* **What you should do**: No pictures, please. Copy exactly the lines from the one with "双面双色团扇新娘结婚diy材料包秀禾出嫁喜扇子重工婚礼结婚礼物" through the final line below.
___ Supplied records
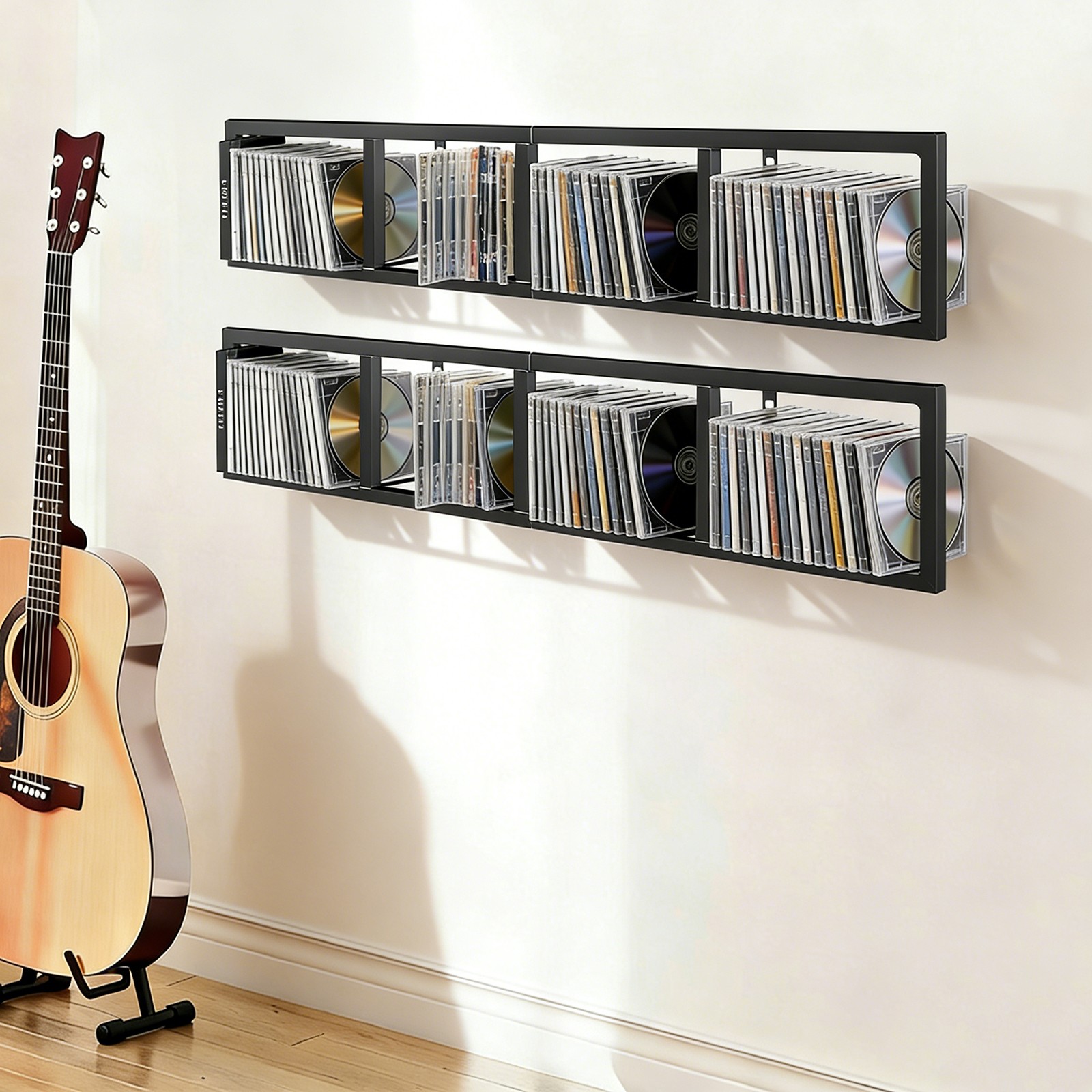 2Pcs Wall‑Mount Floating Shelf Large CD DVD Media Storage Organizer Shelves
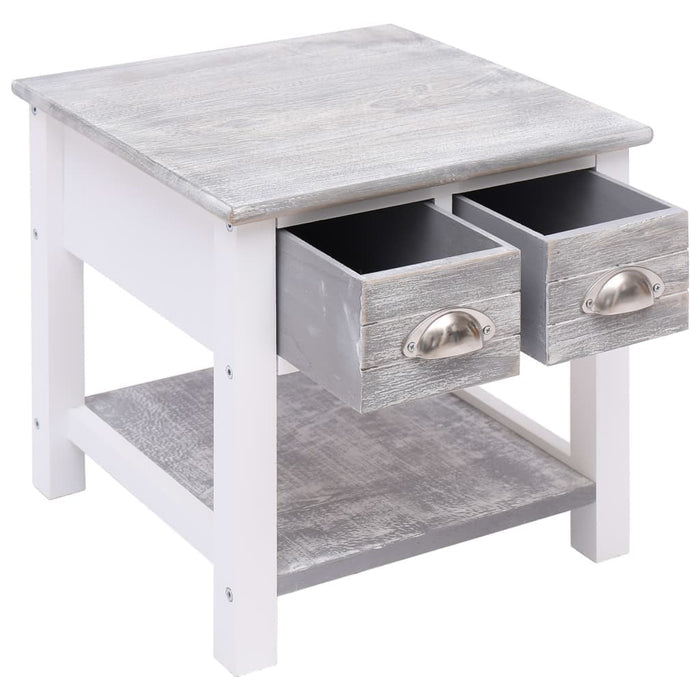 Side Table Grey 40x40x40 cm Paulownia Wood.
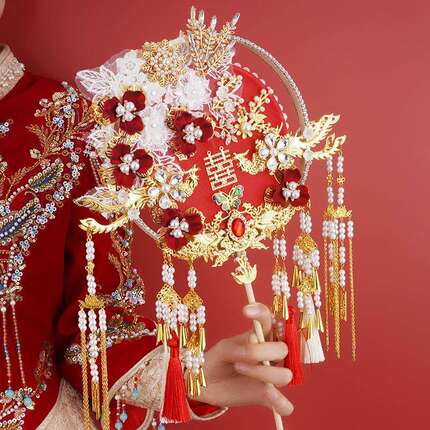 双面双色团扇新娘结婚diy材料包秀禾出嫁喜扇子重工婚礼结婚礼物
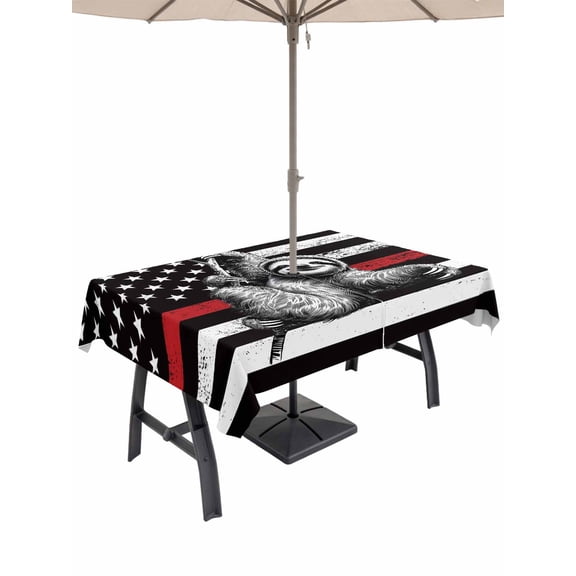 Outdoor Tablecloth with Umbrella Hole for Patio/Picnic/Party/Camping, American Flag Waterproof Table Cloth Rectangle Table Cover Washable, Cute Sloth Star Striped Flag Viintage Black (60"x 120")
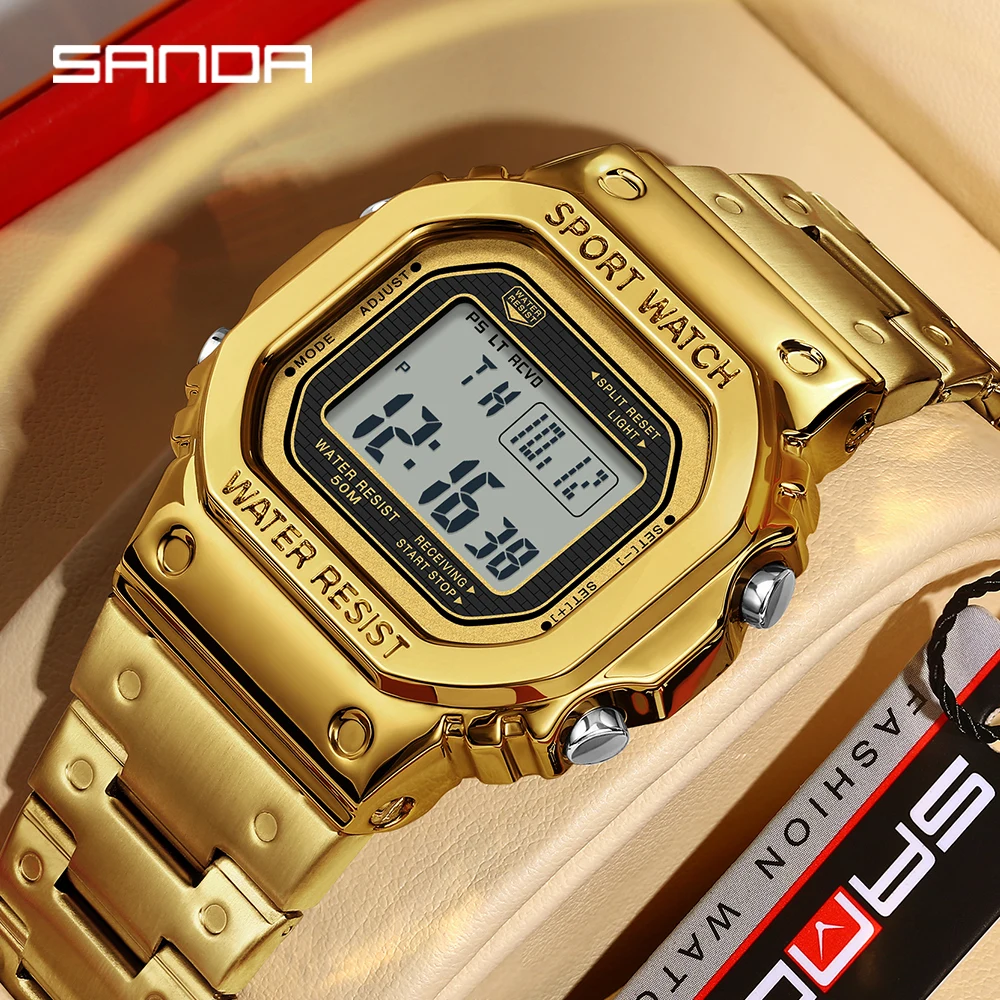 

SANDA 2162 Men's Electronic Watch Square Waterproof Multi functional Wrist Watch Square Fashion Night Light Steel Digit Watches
______
* **Task output**:
 双面双色团扇新娘结婚diy材料包秀禾出嫁喜扇子重工婚礼结婚礼物
 Outdoor Tablecloth with Umbrella Hole for Patio/Picnic/Party/Camping, American Flag Waterproof Table Cloth Rectangle Table Cover Washable, Cute Sloth Star Striped Flag Viintage Black (60"x 120")

SANDA 2162 Men's Electronic Watch Square Waterproof Multi functional Wrist Watch Square Fashion Night Light Steel Digit Watches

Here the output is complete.